The message of this chapter is that the large increase in human population over the past 500 years has been made possible by tapping the energy in fossil fuels. When that source of energy disappears in the next century, the human population will either drop right back to the preindustrial levels supported by solar energy (e.g., a few hundred million), or other forms of energy must be found to substitute for fossil fuels. At the present time, fast breeder fission reactors are the only feasible alternative, and they have a serious drawback of producing plutonium, which can readily be used to make atomic bombs.
The basic approach to the energy problem (i.e., the depletion of fossil fuels in a few decades) by the world governments is to ignore it. There is much talk of alternatives to fossil fuels and fission nuclear energy, such as solar energy and fusion energy, but it is just talk. Despite much investment and research, alternative technologies have not been developed.
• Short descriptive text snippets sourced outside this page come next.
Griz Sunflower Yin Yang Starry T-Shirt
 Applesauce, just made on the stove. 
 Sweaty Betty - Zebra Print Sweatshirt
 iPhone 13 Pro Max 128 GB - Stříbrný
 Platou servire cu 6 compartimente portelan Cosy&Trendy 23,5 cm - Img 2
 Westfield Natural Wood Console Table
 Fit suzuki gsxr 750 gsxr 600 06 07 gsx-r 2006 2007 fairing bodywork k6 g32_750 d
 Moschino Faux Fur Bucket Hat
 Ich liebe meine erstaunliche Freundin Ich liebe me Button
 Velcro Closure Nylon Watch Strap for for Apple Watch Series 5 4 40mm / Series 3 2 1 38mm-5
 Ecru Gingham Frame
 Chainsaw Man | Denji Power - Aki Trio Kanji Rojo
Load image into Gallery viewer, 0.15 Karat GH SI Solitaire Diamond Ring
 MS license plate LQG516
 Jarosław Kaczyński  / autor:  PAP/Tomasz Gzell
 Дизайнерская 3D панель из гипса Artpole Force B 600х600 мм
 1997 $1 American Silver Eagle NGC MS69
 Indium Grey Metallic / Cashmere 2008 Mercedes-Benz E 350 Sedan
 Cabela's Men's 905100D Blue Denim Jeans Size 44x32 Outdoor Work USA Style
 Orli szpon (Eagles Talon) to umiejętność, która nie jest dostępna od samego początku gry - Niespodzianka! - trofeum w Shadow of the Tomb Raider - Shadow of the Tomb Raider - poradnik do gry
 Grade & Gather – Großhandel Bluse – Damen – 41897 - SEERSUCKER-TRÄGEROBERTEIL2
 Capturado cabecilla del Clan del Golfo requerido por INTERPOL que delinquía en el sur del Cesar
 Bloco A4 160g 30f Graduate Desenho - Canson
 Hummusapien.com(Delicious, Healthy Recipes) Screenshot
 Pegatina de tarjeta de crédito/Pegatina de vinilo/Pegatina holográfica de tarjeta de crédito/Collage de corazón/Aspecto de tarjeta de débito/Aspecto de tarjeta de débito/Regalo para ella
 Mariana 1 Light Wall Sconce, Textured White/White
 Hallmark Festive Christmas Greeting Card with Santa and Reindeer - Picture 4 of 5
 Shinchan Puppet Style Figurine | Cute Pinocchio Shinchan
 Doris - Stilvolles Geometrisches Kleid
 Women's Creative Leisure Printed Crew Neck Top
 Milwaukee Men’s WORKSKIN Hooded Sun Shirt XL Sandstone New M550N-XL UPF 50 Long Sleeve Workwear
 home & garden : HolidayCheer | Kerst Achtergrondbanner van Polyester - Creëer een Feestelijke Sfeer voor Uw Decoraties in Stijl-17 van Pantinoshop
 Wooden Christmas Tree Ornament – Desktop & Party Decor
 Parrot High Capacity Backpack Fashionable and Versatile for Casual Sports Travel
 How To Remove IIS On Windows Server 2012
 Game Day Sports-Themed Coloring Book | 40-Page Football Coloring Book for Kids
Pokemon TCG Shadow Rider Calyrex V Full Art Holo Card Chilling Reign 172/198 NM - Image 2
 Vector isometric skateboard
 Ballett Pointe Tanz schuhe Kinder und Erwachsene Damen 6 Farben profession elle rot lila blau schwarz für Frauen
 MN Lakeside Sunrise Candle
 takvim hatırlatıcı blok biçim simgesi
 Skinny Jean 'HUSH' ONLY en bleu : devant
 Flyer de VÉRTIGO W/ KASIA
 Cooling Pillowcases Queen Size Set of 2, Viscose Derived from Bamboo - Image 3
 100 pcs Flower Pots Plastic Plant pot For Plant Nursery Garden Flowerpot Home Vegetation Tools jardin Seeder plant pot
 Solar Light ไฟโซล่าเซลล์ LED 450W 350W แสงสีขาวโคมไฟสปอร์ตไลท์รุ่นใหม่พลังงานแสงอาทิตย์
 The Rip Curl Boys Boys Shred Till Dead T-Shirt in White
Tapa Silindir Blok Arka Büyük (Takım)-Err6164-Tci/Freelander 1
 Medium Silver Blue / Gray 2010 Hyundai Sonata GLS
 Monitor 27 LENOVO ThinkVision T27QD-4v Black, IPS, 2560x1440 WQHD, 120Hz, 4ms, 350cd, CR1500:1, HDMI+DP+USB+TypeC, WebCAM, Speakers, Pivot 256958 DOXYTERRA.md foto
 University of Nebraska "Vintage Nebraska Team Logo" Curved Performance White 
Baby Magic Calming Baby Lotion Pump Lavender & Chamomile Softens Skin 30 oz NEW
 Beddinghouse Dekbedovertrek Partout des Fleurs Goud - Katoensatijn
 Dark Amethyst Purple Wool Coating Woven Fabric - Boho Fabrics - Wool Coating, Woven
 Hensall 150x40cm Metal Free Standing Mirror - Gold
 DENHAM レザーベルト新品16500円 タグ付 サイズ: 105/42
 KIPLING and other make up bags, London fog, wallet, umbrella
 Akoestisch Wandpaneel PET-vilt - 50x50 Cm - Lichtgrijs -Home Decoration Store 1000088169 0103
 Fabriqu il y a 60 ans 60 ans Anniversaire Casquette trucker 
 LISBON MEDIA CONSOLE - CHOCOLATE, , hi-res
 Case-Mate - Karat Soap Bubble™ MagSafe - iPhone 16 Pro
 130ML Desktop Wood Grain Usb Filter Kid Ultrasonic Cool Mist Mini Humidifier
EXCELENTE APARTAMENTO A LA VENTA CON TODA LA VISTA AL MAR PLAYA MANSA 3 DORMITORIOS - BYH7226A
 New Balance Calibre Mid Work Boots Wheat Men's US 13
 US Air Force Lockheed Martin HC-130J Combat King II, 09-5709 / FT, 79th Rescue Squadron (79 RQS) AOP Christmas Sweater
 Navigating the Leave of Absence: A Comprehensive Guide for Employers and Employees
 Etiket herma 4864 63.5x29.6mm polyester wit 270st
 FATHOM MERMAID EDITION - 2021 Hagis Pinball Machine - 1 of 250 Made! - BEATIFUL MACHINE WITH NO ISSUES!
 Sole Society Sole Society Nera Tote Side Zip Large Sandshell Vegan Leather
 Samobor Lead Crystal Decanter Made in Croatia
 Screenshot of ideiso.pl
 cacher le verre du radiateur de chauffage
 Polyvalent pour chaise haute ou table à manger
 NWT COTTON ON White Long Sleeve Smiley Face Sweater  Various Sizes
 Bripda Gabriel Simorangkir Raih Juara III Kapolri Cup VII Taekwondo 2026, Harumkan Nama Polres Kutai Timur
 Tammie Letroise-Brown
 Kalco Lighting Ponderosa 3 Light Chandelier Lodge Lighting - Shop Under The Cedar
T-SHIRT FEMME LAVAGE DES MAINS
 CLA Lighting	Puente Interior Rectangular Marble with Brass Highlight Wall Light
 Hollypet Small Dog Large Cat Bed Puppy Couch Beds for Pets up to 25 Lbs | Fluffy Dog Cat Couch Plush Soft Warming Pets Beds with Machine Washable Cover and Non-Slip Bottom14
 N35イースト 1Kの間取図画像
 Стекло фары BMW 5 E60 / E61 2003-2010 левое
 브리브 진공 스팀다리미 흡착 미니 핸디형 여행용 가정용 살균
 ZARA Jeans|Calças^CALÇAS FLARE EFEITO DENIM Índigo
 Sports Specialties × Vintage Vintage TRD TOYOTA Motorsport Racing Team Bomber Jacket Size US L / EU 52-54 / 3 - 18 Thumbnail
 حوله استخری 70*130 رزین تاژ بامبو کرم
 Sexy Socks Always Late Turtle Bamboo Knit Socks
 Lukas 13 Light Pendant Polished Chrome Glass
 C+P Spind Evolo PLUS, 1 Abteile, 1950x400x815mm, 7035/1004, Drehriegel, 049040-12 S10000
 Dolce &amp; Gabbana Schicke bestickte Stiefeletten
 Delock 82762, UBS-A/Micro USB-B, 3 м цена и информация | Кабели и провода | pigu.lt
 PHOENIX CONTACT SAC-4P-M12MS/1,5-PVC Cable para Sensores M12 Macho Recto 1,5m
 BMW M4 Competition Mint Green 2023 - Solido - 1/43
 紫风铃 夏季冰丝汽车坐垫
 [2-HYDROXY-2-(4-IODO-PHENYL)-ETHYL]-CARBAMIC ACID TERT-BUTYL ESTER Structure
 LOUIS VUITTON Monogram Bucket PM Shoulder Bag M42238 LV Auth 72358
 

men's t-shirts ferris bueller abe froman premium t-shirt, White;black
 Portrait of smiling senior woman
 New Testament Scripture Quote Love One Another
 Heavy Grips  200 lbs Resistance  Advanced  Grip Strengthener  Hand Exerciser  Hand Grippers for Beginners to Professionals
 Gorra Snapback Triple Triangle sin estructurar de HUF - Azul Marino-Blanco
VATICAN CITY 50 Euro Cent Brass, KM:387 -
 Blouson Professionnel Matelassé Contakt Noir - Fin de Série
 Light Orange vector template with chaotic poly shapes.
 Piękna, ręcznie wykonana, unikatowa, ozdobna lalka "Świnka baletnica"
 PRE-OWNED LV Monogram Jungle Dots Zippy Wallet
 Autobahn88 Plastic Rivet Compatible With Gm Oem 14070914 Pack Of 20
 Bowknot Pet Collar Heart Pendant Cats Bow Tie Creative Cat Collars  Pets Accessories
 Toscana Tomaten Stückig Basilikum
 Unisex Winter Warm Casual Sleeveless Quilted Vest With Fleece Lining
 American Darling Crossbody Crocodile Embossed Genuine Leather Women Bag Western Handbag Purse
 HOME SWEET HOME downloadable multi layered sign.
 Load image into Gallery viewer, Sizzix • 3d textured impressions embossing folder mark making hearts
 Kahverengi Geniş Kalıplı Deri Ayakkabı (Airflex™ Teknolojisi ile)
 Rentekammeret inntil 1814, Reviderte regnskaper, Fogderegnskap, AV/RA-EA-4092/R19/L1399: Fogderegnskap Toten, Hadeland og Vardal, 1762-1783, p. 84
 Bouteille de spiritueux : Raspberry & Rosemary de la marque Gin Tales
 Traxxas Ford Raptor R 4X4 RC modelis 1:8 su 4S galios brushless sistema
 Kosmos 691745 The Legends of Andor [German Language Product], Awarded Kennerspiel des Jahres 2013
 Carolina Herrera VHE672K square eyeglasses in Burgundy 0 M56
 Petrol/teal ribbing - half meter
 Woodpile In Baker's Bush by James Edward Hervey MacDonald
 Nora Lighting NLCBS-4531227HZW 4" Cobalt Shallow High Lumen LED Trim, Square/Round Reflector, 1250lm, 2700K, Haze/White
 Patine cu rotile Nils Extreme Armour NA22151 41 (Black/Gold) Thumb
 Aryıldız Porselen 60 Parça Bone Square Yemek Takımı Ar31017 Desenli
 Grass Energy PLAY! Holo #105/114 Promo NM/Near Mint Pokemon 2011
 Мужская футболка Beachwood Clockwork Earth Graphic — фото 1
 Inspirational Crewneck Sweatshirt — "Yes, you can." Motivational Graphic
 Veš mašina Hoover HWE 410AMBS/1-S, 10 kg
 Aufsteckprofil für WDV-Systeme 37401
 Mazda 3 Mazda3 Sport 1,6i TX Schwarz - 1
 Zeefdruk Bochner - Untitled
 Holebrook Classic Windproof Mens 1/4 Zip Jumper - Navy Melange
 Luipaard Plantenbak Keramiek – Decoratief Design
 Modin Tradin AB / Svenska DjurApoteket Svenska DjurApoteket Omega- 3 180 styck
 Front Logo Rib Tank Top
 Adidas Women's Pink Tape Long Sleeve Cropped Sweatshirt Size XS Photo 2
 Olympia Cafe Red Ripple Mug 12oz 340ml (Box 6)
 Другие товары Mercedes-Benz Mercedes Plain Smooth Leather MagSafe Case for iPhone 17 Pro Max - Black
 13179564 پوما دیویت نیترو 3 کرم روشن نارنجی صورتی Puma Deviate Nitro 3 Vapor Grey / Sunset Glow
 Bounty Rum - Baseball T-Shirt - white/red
Clearly, mankind is facing some difficult decisions. Either reduce global population size to a level that is supportable by the annual budget of solar energy, or use nuclear fission to generate energy, thereby producing long-lasting radioactive waste and the material used to produce nuclear bombs. Since no steps are being taken by world governments to accomplish the former (i.e., a human population of size that can be supported by solar energy), it is pretty clear where we are headed: more people and more nuclear energy.
Human population will continue to expand, and mankind will continue to use nuclear energy and generate nuclear waste. Industrial man will not be denied energy, or he will cease to exist. The fact that nuclear reactors generate radioactive waste and waste heat will not deter mankind in the least from using them. But the fact that the most promising type of nuclear reactor – the fast breeder reactor – generates large amounts of plutonium will have a significant impact on man’s future. The availability of large amounts of plutonium significantly increases the likelihood of nuclear war.
Economics is a main force underlying population growth. Because of man’s greed, he is constantly striving for more…more of everything. More material possessions, more power, more knowledge, more security, more comfort, better health, longer life, more variety, more freedom. The standard measure of material well-being is the gross domestic product (GDP) per capita. Recently, a number of other indicators of well-being have received attention, such as the UNDP’s Human Development Index, but these additional indicators are strictly “second string” measures of standard of living. The indicator that matters to the people in charge – politicians and industrialists – is the gross domestic product.
The people in charge – politicians and industrialists – want to increase both GDP and GDP per capita. A country with twice the economic output per capita as another country having the same population is twice as rich, and probably twice as powerful. A country with twice the population as another country having the same GDP per capita is probably twice as powerful in the world community, and probably has twice as many millionaires.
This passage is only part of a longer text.